Mohon tunggu...
Lugas Wicaksono
Lugas Wicaksono Mohon Tunggu... Swasta -

Remah-remah roti

Selanjutnya

Tutup

Bola Artikel Utama

Aji Sudah Out, Masihkah Tribun Stadion Sepi?

1 Agustus 2017   15:54 Diperbarui: 2 Agustus 2017   07:01 4453
+
Laporkan Konten
Laporkan Akun
Kompasiana adalah platform blog. Konten ini menjadi tanggung jawab bloger dan tidak mewakili pandangan redaksi Kompas.
Lihat foto
Sumber fotografet.net: Aremania membentang spanduk bertuliskan ISLAH STADION FULL kala Arema FC bertanding di Stadion Kanjuruhan beberapa waktu lalu.

Aji Santoso memutuskan mundur dari kursi pelatih Arema FC, Senin (31/7/2017). Ini menyusul kegagalan klub yang diasuhnya menang melawan Borneo FC dalam laga kandang di Stadion Kanjuruhan, Sabtu (30/7/2017). Arema FC hanya meraih satu poin setelah ditahan imbang 0-0 klub tamu asal Kalimantan itu.

Keputusan mundur Aji Santoso ini disampaikan Manajer Arema FC, Ruddy Widodo kepada kepada media. Ruddy mengungkapkan keputusan mundur diambil Aji setelah disarankan manajemen. Ia juga mengungkapkan mundurnya Aji juga sebagai upaya untuk memperhatikan aspirasi Aremania.

"Aremania adalah bagian Arema. Klub tidak bisa sebesar ini tanpa adanya dukungan total dari Aremania. Tentu saja, kami harus menghargai aspirasi mereka," terang Ruddy dikutip dari CNNIndonesia.com.

Aremania sebelumnya seringkali meminta Aji Santoso mundur setelah hasil buruk yang diraih dalam sejumlah pertandingan yang dilakoni Arema FC. Bagi Aremania, meminta mundur pelatih asal Kepanjen, Malang ini bukan saja karena hasil akhir pertandingan, tetapi sejak dilatih Aji, Arema FC dianggap bermain tanpa pola dan karakter yang jelas. Permainan cepat dan keras khas Arema juga sama sekali tidak terlihat. Di media sosial tuntutan mundur ramai dengan tagar #AjiOut.

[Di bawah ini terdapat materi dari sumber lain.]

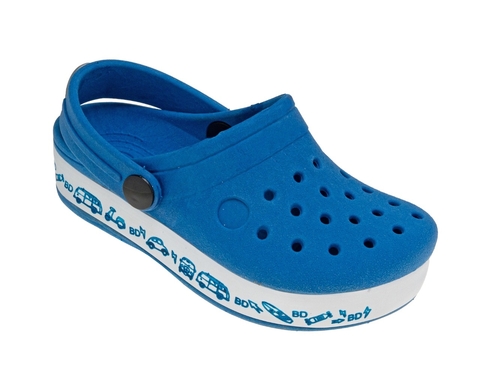 Crocs Blue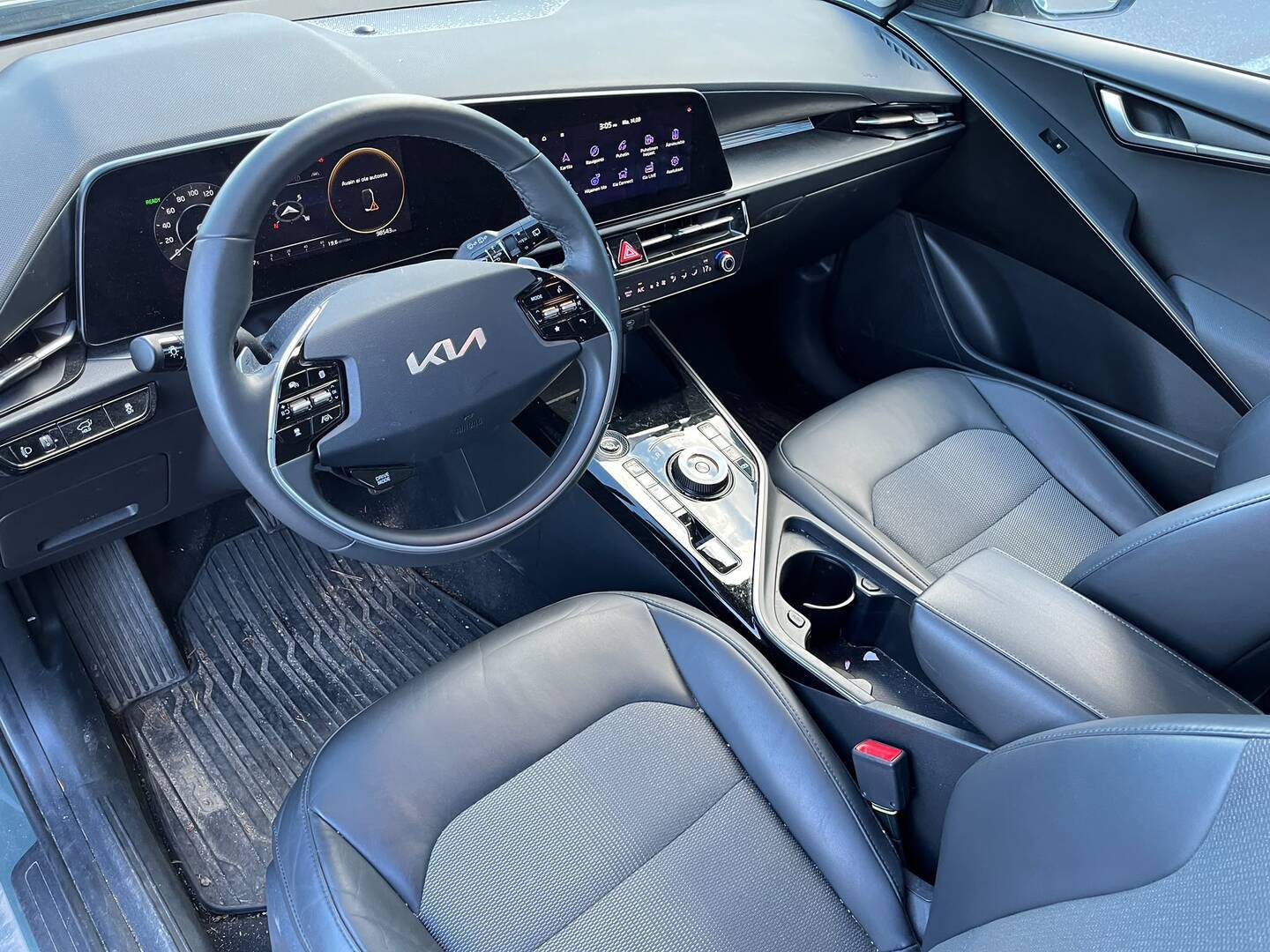 KIA Niro 2022
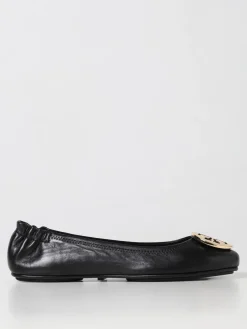 Ballerina Minnie Tory Burch in pelle
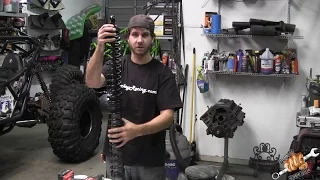OFF ROAD SHOCK TUNING 101 - Rock Rods Tech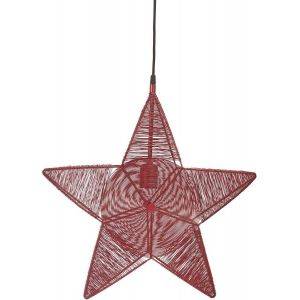 Rigel Julstjärna 50cm Röd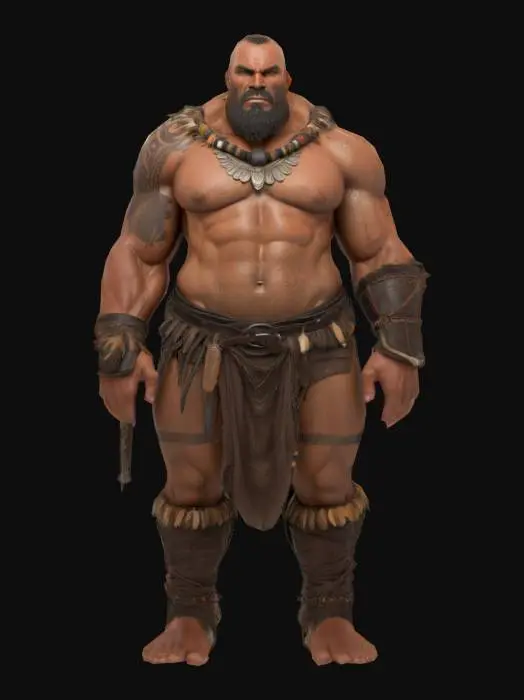 3D model for Bladed Shuriken Wheel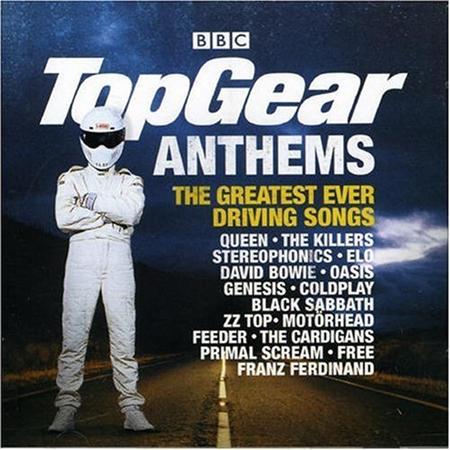 Blue Vyster Cult - Top Gear Anthems [disc 1] - Zortam Music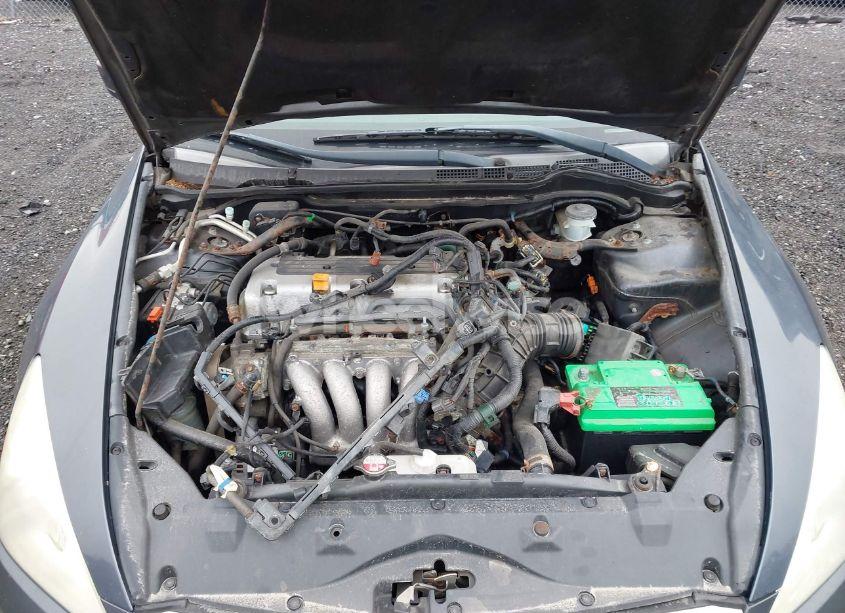 Photo 10 of 2007 Honda Accord 2.4 EX (VIN 1HGCM567X7A210274)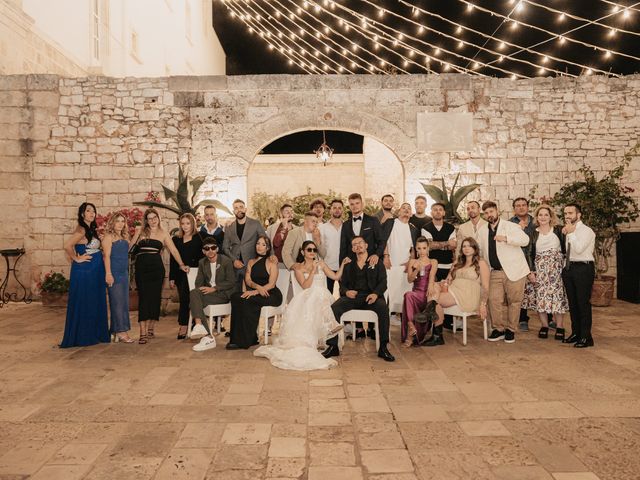 Il matrimonio di Alessandro e Nicole a Polignano a Mare, Bari 25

Hasil buruk yang diraih Arema FC di beberapa kali laga terakhir juga dianggap sebagai salah satu penyebab tribun stadion tidak penuh ketika klub ini menjalani laga kandang di Stadion Kanjuruhan. Aremania dianggap sudah malas menonton langsung Arema FC yang jarang menang dan permainannya yang monoton.

Sepinya tribun stadion tidak dipungkiri akan berdampak pada kesehatan finansial manajemen Arema FC. Sebagai klub profesional, manajemen dituntut pintar mencari penghasilan sendiri untuk operasional klub dari berbagai sektor, salah satunya pendapatan dari hasil penjualan tiket penonton dalam setiap laga kandang.

Selama putaran pertama gelaran kompetisi Liga 1 2017 ini saja, jumlah penonton pertandingan Arema FC rata-rata 9.797 penonton pertandingan. Jauh lebih sedikit dari kapasitas Stadion Kanjuruhan yang mampu menampung penonton sampai 35.000 orang. Jumlah ini menempatkan Arema FC di posisi ketujuh jumlah penonton terbanyak di antara 18 peserta kompetisi Liga 1. Tentu saja angka ini tidak sebanding dengan nama besar Arema.

Angka ini jauh lebih kecil dibandingkan Persib Bandung di posisi pertama penonton terbanyak dan Persija Jakarta. Jumlah penonton Persib Bandung rata-rata mencapai 27.276 orang. Sementara, di urutan kedua adalah Persija Jakarta dengan jumlah 26.279 orang per pertandingan. Arema bahkan masih kalah dengan klub kemarin sore, Bali United di urutan keenam dengan rata-rata penonton 10.213 per pertandingan.

Inilah mungkin yang menjadi pertimbangan manajemen menyarankan Aji untuk mundur. Sebagai gantinya, manajemen menunjuk Joko Susilo yang sebelumnya sebagai asisten pelatih menjadi pelatih Arema FC. Joko yang sudah lama bersama klub ini diharapkan dapat mengangkat prestasi karena dianggap sudah tahu luar dan dalam soal Arema FC. Dengan prestasi Arema FC yang baik, manajemen berharap Aremania akan kembali memenuhi tribun stadion, dan ketika tribun sudah penuh tentu saja akan berdampak positif bagi finansial klub ini, manajemen akan banyak mendapat laba dari penjualan tiket pertandingan.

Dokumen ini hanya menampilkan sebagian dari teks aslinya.